1. Avoiding strength Training – For many over 50’s, weight training when they were younger was something only bodybuilders and athletes took part in. Because of this strength training is a skill or habit that a large percentage of people over 50 have never really formed.

The gym can also seem like an environment that they don’t feel they belong in. Although mainstream media are now reporting on the needs and benefits of strength training for over 50’s many don’t know where to start. I was in a trendy hotel gym recently and even though I have been in gyms for over 20 years I still felt a bit out of place amongst all the youngsters posing for selfies in their designer gear and immaculate hair. So I can only imagine how challenging it can be for someone who hasn’t been brought up in that environment.

Another reason we found when we did a survey a few years back for people over 50 not going to the gym, was fear of getting injured. This was put down to a lack of knowing what to do and a worry that they may exacerbate any current/past injuries that they have. 

So there is no judgment from us that so few over 50’s are using the gym however we do believe it is a real shame that more people aren’t doing strength training as it’s really like a magic trick to make you stronger, keep your hormones in better balance (better experience with menopause / reduce reduction in testosterone in men), keep you looking younger and improve the overall quality of your life.

Who over 50 wouldn’t love a piece of that?

2. Training with the wrong intensity –  For the overwhelming majority of people, by the time we get to over 50 our bodies will not be the same as they were in our 20’ and 30’s. Therefore it doesn’t make sense to train it in the same way as we did 20-30 years ago.

Understandably in a desperate attempt to defeat father time some over 50’s throw themselves into a hardcore metabolic / ploymetrics classes or workouts that would make Rocky Balboa himself weep! Chances are a few weeks or months into the program they will find themselves on the sidelines due to either not being able to stick it, or be out with an injury.

Injury for an over 50 can be even worse than younger counterpart as recovery is much longer.

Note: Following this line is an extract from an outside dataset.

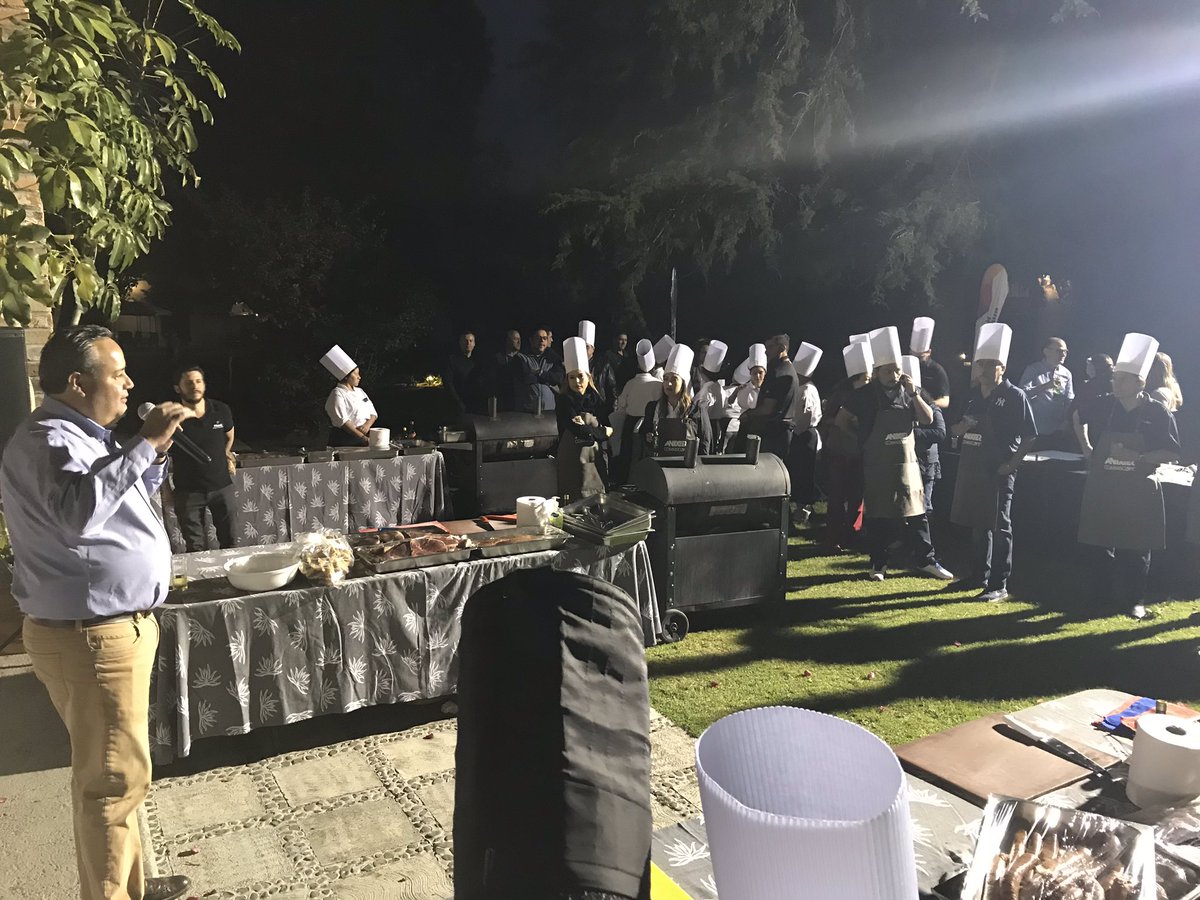 FjorgeJorge's tweet image. Cerrando actividades en el primer día de CommScope kickoff Mexico 2019 con nuestros partners en hacienda Cantalagua. #kickoff2019 #CommScopeCALA #ThinkFiber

In my opinion for the vast majority of over 50’s the risk to reward balance of these hardcore types of classes is way out of whack.  Leave the killer workouts to the pro athletes. The average person’s body is not conditioned for these exercises. Chances are the pro athletes won’t still be doing these types of sessions when they are over 50, either. They will tailor their session to suit their changing bodies.

On the other end of the scale on the ‘intensity spectrum’ you see a lot of over 50’s not challenging the body enough. Lifting small pink dumbbells and doing pilates and yoga will not overload the muscles enough to promote muscle growth / maintenance. 

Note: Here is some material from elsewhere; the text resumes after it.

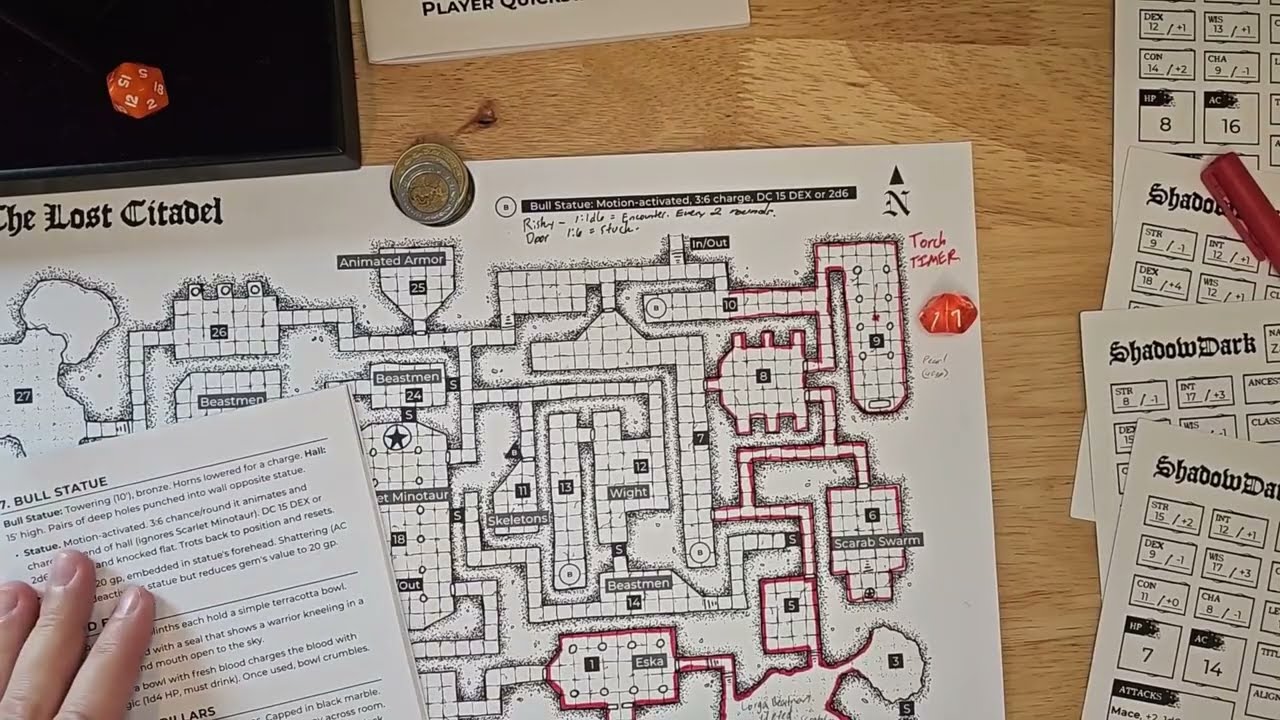The Lost Citadel of the Scarlet Minotaur Ep5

Starting at the right intensity for you is key, then applying the correct progressive overload will keep you continually moving forward and will help you avoid the dreaded outcome of not seeing results or being on the sidelines with an injury.

Over 50’s are doing some amazing sessions in the gym. You just need to know it will take time to get there and it’s much better to get there at an appropriate speed for you.

3. Doing the same program for too long – I think the older we get the more we become creatures of habit. When I used to work in bigger gyms I would see the same members come in and do the same workouts day after day, week after week, year after year (same routine, same order, same weights). You could set your watch by them. 

Being a creature of habit is not a good thing though when it comes to exercise. After 4-8 weeks of the same exercises the body has adapted to the stimulus so the benefits are continually decreasing for every week you stay on that program after it has reached its peak for you. 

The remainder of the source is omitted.